Growing up, was there a dream/ ambition to work in television?
“Yes. My school went to see “On Safari” being shot at TVS in about 1984 and that definitely gave me the bug. It was fascinating seeing the orchestration of the (many) cameras, and Christopher Biggins twatting about with Windsor Davies and Gillian Tayleforth!”
You had a work placement at the BBC, tell us about that?
“That was in 1991 when I was at college. I spent a few weeks shadowing the various departments at BBC South when they were at South Western House whilst their new (current) building was under construction. Starting with a general technician called Pete (really nice bloke); part of his job was to collect up and wipe all the Beta SP tapes each day, a process called “black and burst”. This meant demagnetising the tape and putting 60 secs of colour bars at the start and then black video and reference tone. A dull job in itself, but it meant we could visit each room of each department, which was really interesting. I remember being in PSC (Portable Single Camera) where tapes were collated from the various roving cameramen, the edit suites (2 inch reel to reel tape), graphics department where most of the time I was there they were producing weather maps and “Astons” (Aston was the computer that generated titles and straplines on screen), and a fair amount of time in the studio where I operated cameras (massive great old tube cameras) on
South Today a couple of nights. One on Angela Diffley, the other for Sarah Watts (remember them..?!). Ironically, I don’t recall anything about the sound department though. Had lunch with all the presenters at various points including the legendary Bruce Parker and Steve Humphrey, who is still there to this day.”

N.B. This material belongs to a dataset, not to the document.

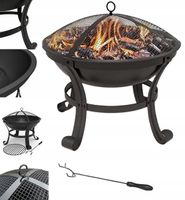 PALENISKO OGRODOWE STALOWE GRILL Ø 55 cm CZARNY POKRYCIE DO OGRODU NA TARAS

I first met Jon in and around 1997 at the local drama club. Even from my limited experience with stage production then, I recognised him as a crew person. Mainly because of the ponytail and black shirts – the true identity of a technician. What drew you to the world of amateur dramatics, and what aspects did you enjoy?
“I started at school when I ran sound for a couple of productions in 1989 and just carried on running technical stuff ever since. Amateur theatre came about because I had a number of mutual friends at the newly merged Sarisbury Theatre Company and they persuaded me to join. My favourite job was compiling all the sound effects and editing the music.”
If you could, and there were the jobs available, would you prefer to work in TV, or theatre?
“Of the two TV, but as jobs are so rare in this area it’s not something I’d ever consider now. I worked on Question Time a number of times in the 90’s as an audience voting systems technician and I also put microphones on many politicians and “celebs”. To be honest, I’m quite happy as a Music Technology technician now working with Mac-based systems as I’ve learnt such a lot about it over the past ten or so years.”
How did you come to get involved with Beacon?
“Through meeting Steve, yourself, Matt, etc, at Sarisbury Theatre Company and being asked to take some of my lights along to a shoot (forget which one though).”
(SB – “Back in Business”, I think…) What were your early impressions of the club?
“This is the kind of question I’m crap at answering. Can’t really remember, to be honest! It was certainly all positive – everyone was extremely friendly and enjoying themselves, as did I.”
Your experience and involvement certainly changed and updated Beacon’s equipment, how basic was it back then to those that don’t know?
“Very basic in comparison to today, but then it would have been really. The equipment cost such a lot back then compared to what you get for the money these days.”
How significant was the first Awards for All grant in 2004? And indeed the subsequent investments?
“It was massively significant for Beacon and allowed the level of equipment to progress hugely. I forget exactly what we bought with it though, you’ll have to remind me!”